Je fis la moue et soupirai.

— Pour l’instant pas grand-chose hélas ! avouai-je en toute sincérité. Je n’ai créé qu’un seul recueil contenant une dizaine de nouvelles ainsi qu’une pièce de théâtre inspirée de Balzac, mais pour l’instant rien de bien concret. Pour tout vous dire, j’ai pris ce train dans l’espoir d’y trouver un semblant de réponse et d’inspiration, à voir ce qu’il adviendrait de ma vie pendant et après cela. J’aspire à devenir célèbre et espère que mon œuvre sera un succès. L’œuvre du siècle, même !

— Voilà qui est bien ambitieux et quelque peu prétentieux, réfléchit-il, certes beaucoup de nos vieux auteurs, qu’il s’agisse de Flaubert, Zola ou ce cher Hugo, pour ne citer que les Français, gisent dorénavant tous sous terre. Mais il reste encore une poignée de pierres précieuses bien vivantes. Je parle notamment de ces hommes, comme ce génie de Stefan Zweig, qui sont encore de ce monde et écrivent des chefs-d’œuvre à tours de main qui feraient pâlir de jalousie n’importe quel artiste. D’autant que le siècle vient tout juste de démarrer, vous n’êtes pas à l’abri, lors de vos vieux jours, de tomber sur de jeunes écrivains talentueux issus de tout horizon, en dehors des frontières de l’Europe.
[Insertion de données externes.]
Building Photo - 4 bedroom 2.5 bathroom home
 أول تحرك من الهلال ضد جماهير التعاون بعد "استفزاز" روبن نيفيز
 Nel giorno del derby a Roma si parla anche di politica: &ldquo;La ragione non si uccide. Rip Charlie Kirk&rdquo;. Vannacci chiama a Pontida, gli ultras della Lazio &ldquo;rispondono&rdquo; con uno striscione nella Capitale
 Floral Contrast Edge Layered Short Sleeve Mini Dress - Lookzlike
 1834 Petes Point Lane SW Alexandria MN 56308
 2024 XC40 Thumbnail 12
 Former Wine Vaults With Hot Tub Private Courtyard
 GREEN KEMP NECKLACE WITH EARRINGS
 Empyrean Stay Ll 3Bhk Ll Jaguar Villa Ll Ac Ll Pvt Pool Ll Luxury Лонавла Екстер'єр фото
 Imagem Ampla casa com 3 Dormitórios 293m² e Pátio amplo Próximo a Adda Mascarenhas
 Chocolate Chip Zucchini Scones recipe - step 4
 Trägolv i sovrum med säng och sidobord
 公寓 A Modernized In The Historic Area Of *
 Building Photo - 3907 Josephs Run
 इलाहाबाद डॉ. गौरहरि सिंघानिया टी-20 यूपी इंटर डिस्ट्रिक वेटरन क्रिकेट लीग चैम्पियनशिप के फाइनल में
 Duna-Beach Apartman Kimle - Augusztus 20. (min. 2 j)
— Cela est vrai, d’où ce voyage aussi loufoque que désespéré pour tenter de trouver l’inspiration salvatrice afin de m’élever au sommet de cet art et d’imposer ma marque pour les siècles à venir. C’est cela ou bien, à mon retour à Dijon, dans la demeure de ma génitrice, un revolver chargé m’attendra chaudement dans la remise.

Il se frotta les mains et me regarda sévèrement, une étincelle de désapprobation luisant dans ses yeux devenus aussi sombres qu’un ciel orageux.

— Quel âge avez-vous ? finit-il par me demander.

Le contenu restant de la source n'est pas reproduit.